Saved entries:
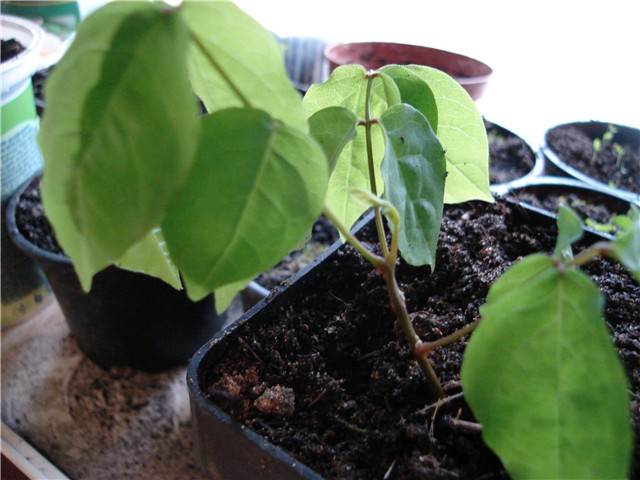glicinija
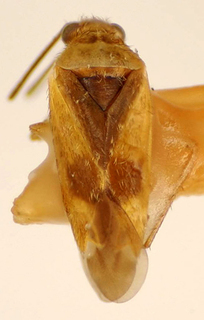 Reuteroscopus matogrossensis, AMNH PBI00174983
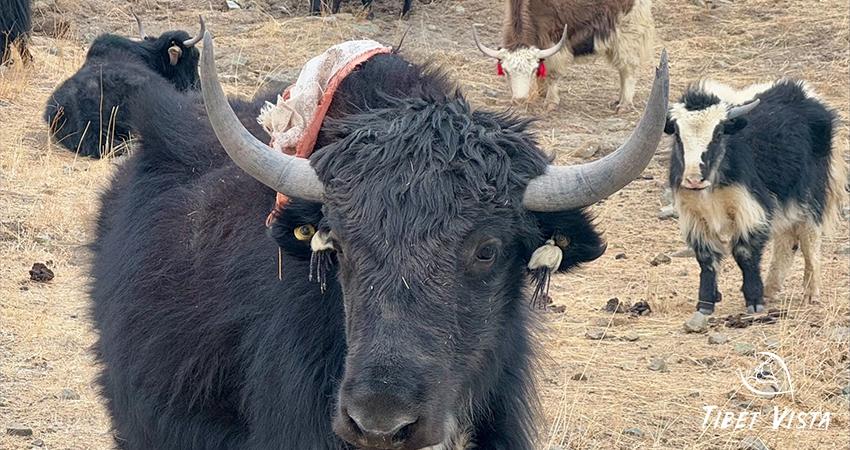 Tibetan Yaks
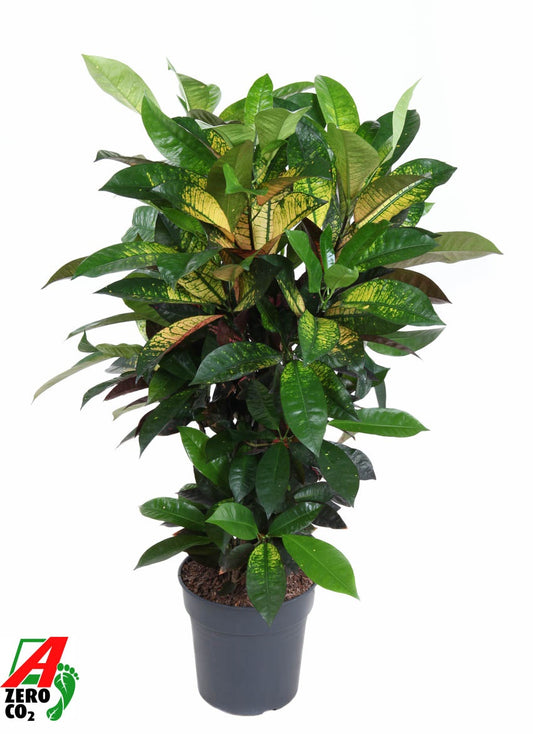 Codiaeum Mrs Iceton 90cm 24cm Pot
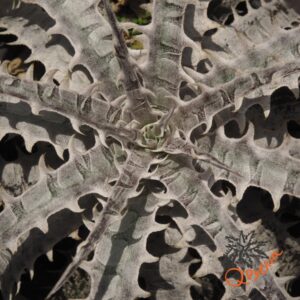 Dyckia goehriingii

■ **What you should do**
Retyped exactly, the lines from the one holding "Reuteroscopus matogrossensis, AMNH" through the last line of the data above are the whole answer. Pictures stay out.

■ **Output of the exercise**
 Reuteroscopus matogrossensis, AMNH PBI00174983
 Tibetan Yaks
 Codiaeum Mrs Iceton 90cm 24cm Pot
 Dyckia goehriingii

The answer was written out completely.